Support resumeAfter or startAfter in Spark Connector for readStreams

Browsing the Spark Connector Change Stream Configuration Docs and the source code on Github, I’ve been unable to figure out how to specify a resumeAfter/startAfter token when consuming a Mongo db or collection as a readStream the way I would using a Python client like Motor.

Resuming consumption from a particular offset is a hard requirement for our use of the Spark Connector as we cannot guarantee 100% consumer uptime, yet need to be able to propagate 100% of the change feed to our sinks.

Is resumeAfter/startAfter supported and I’m just missing the documentation? And if not, would it be possible to support this as a read configuration option?

3 Likes

I am unable to find this option in the documentation too.
@Robert_Walters Could you please confirm if this feature is available in version 10.0?
Thanks in Advance.

Currently it is not possible, I added https://jira.mongodb.org/browse/SPARK-380

Can you add your use case to that ticket? If you don’t have a jira account, can you elaborate on what you expect to provide as a resume value? epoch time or Timestamp value ?

Is it possible right now to pass in the resume token to the spark connector?

@Robert_Walters I have been unable to locate the documentation for passing resume token to Spark connector.

Today it is not possible to pass the resume token. We created https://jira.mongodb.org/browse/SPARK-380 to add this functionality

Was this feature ever implemented? I see the ticket @Robert_Walters created was closed along with the linked tickets but Robert’s ticket was never assigned.

@Prakul_Agarwal now owns the Spark Connector and can comment on this specifically. I am not sure where the priority of this ended up.

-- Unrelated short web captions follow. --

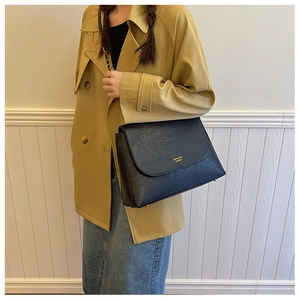 Detail of black crossbody chain bag with gold logo on beige trench coat outfit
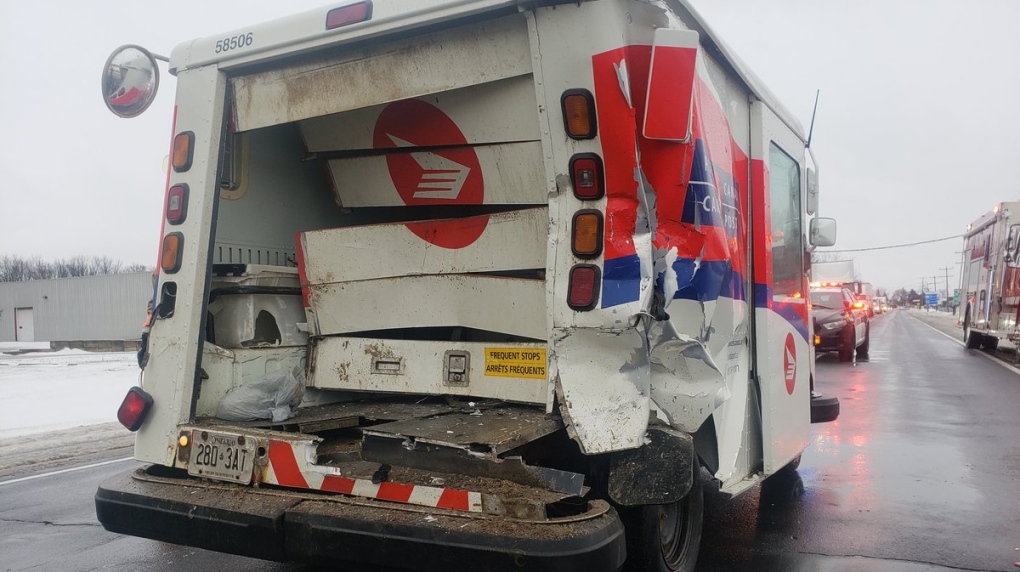 A postal truck significantly damaged
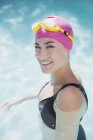 Portrait confident woman in swimming cap and goggles in swimming pool — Stock Photo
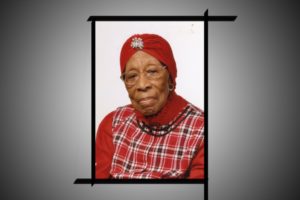 Still photograph of Grandmother Taylor, wearing a red plaid tunic, red turtleneck, and red turban with a jewel in the middle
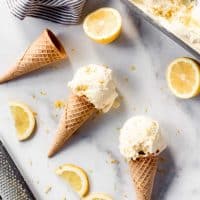 Scoops of lemon ice cream on sugar cookies on a marble surface surrounded by sliced lemons.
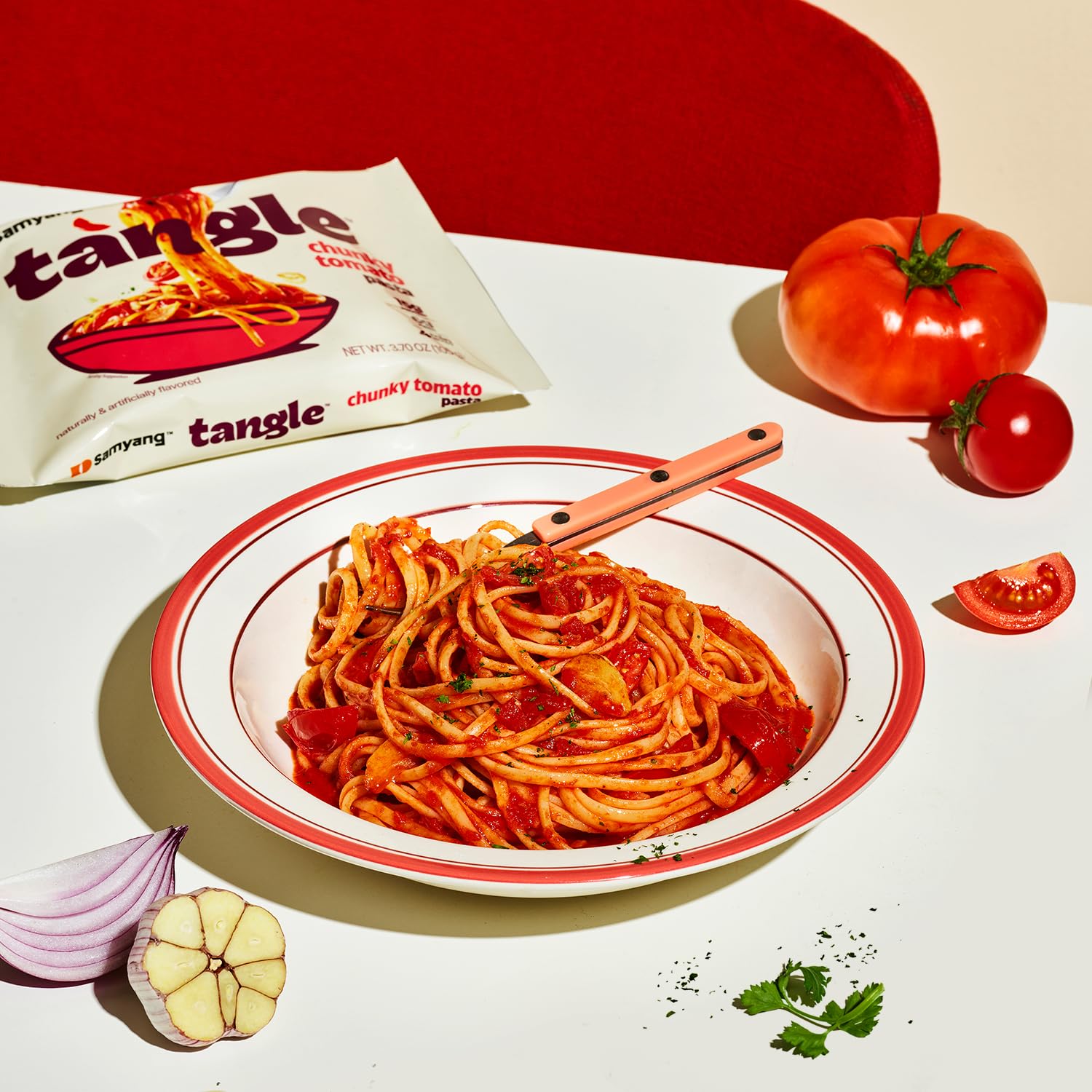 Close-up of SAMYANG linguine texture showing firm bite and sauce adhesion.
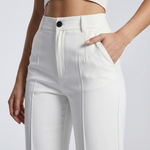 Détail de la taille haute, du bouton et de la poche du pantalon blanc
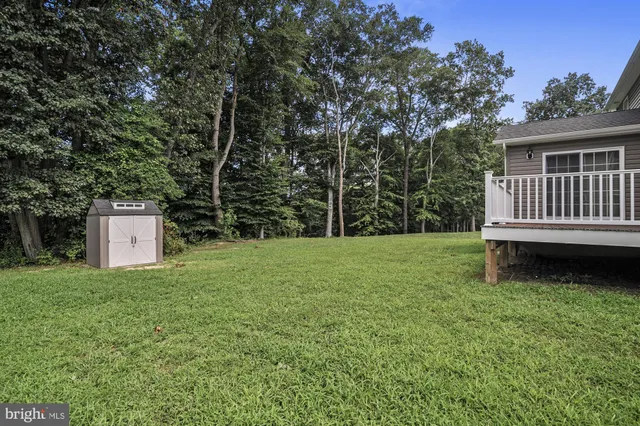 a backyard of a house with barbeque oven and fence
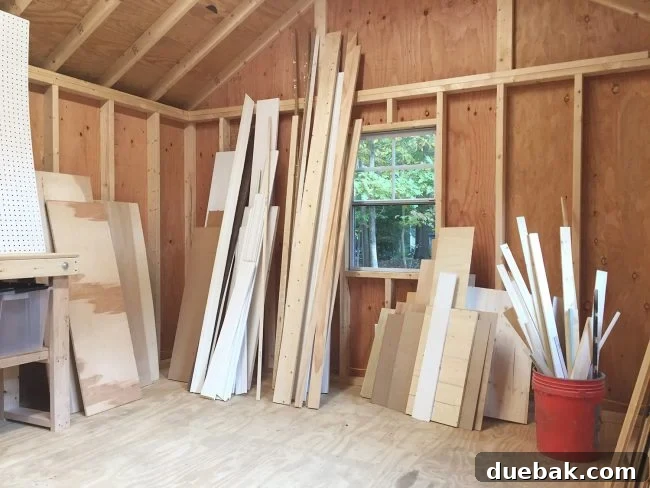 Large pile of scrap lumber in a shed before organization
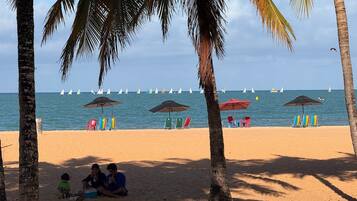 Una playa con palmeras, sillas y sombrillas.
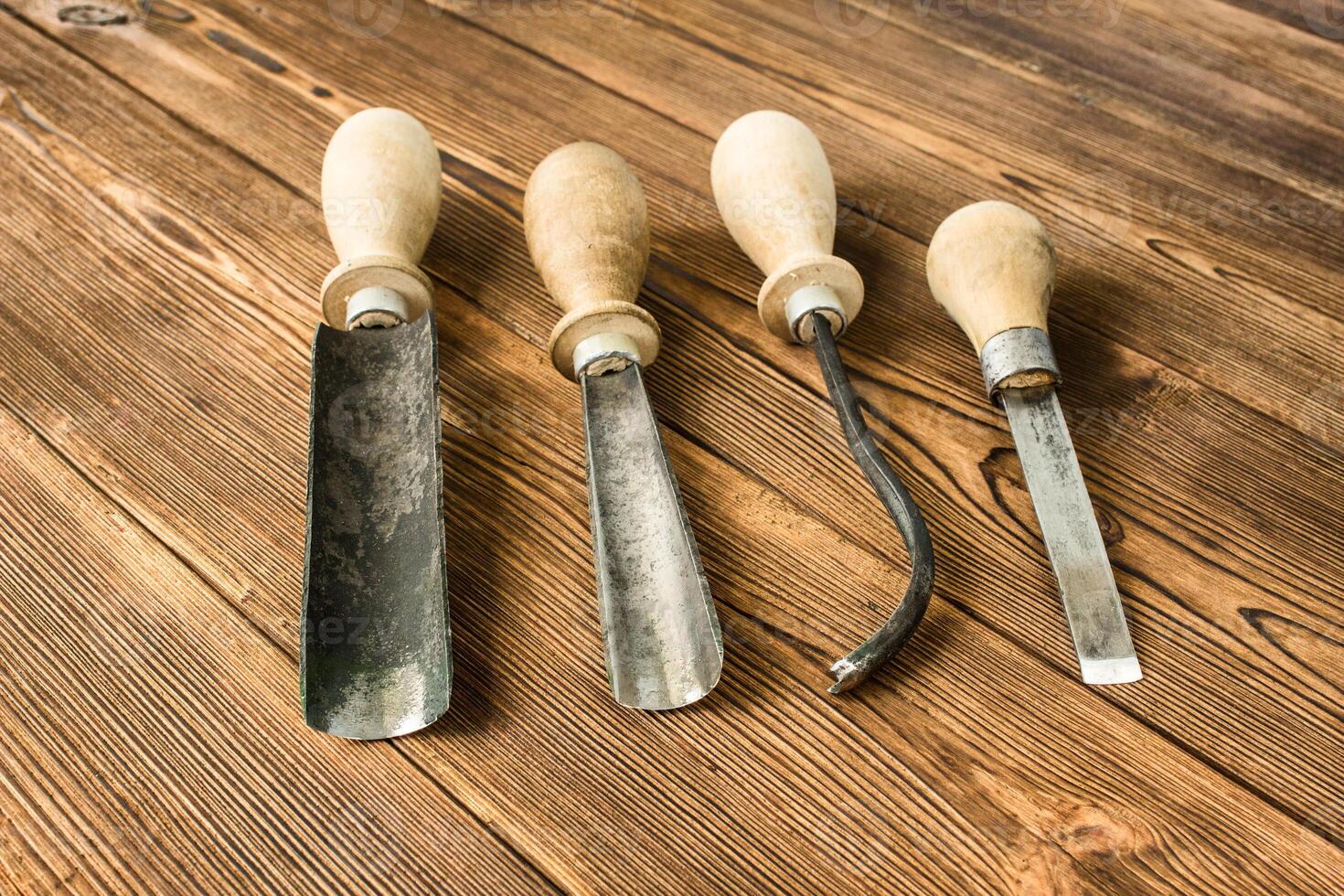 Cutters for wood carving, on a wooden background, close-up, cutting tool photo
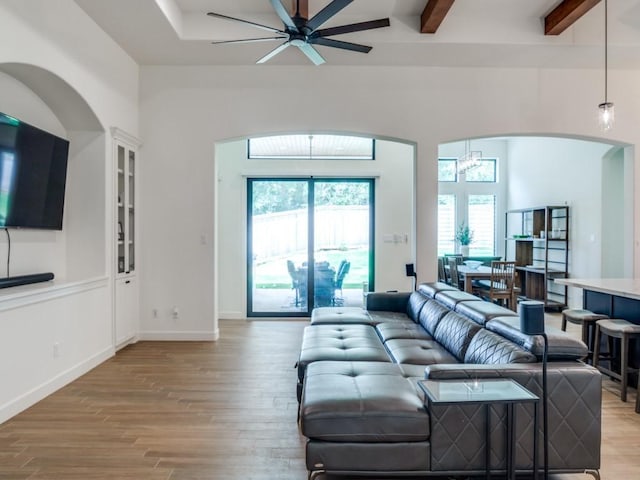 living room featuring beamed ceiling, ceiling fan with notable chandelier, and light hardwood / wood-style floors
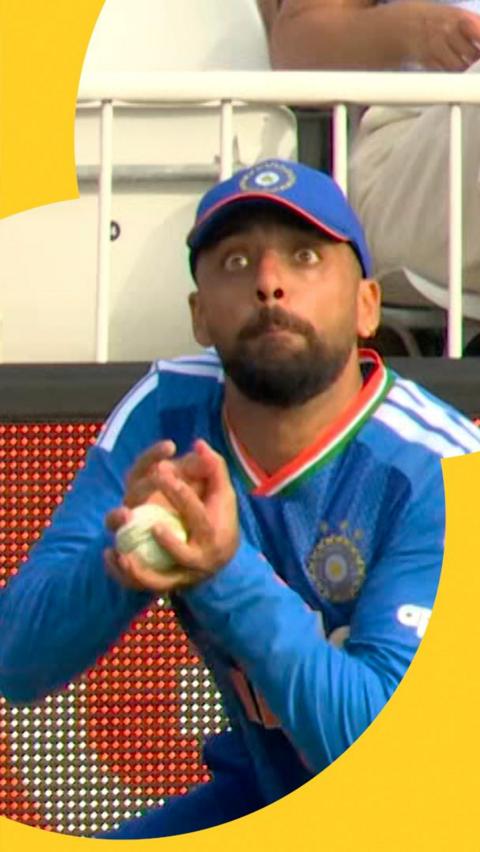 Varun Chakravarthy with his eyes wide open as he catches the ball as England face India in the men's T20.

We can use checkpointing while writing write streams. From the offset, the stream will be resumed where it left off.

Ex:
query = streaming_df.writeStream.format(“parquet”)\

.option(“checkpointLocation”, checkpoint_location) \

.foreachBatch(writeData)\

.trigger(once=True)\

.start()\

.awaitTermination()

“sources” : [ {
“description” : “com.mongodb.spark.sql.connector.read.MongoMicroBatchStream@6793d7d6”,
“startOffset” : {
“version” : 1,
“offset” : {
“$timestamp” : {
“t” : 1713179033,
“i” : 0
}
}
},
“endOffset” : {
“version” : 1,
“offset” : {
“$timestamp” : {
“t” : 1713179298,
“i” : 0
}
}
},
“latestOffset” : {
“version” : 1,
“offset” : {
“$timestamp” : {
“t” : 1713179298,
“i” : 0
}
}
},

Please refer to startOffset - which is the the offset from which stream starts.